§ PROBLEM TO SOLVE: Once the line holding "Ridgemonkey Disperse PVA" is found in the listing below, write it out and each later line exactly, up to and including the one holding "INNSBRUCK1964 (Figure Skating".

§ SOURCE INFORMATION:
□ □ □ □
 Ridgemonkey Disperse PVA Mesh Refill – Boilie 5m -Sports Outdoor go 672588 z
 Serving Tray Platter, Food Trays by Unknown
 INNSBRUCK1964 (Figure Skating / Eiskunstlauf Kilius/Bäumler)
□ □ □ □
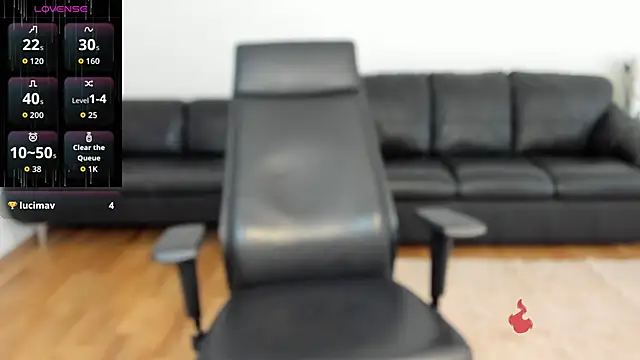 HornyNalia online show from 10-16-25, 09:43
□ □ □ □
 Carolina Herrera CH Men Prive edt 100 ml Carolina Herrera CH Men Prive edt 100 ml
□ □ □ □
§ ANSWER SECTION:
 Ridgemonkey Disperse PVA Mesh Refill – Boilie 5m -Sports Outdoor go 672588 z
 Serving Tray Platter, Food Trays by Unknown
 INNSBRUCK1964 (Figure Skating / Eiskunstlauf Kilius/Bäumler)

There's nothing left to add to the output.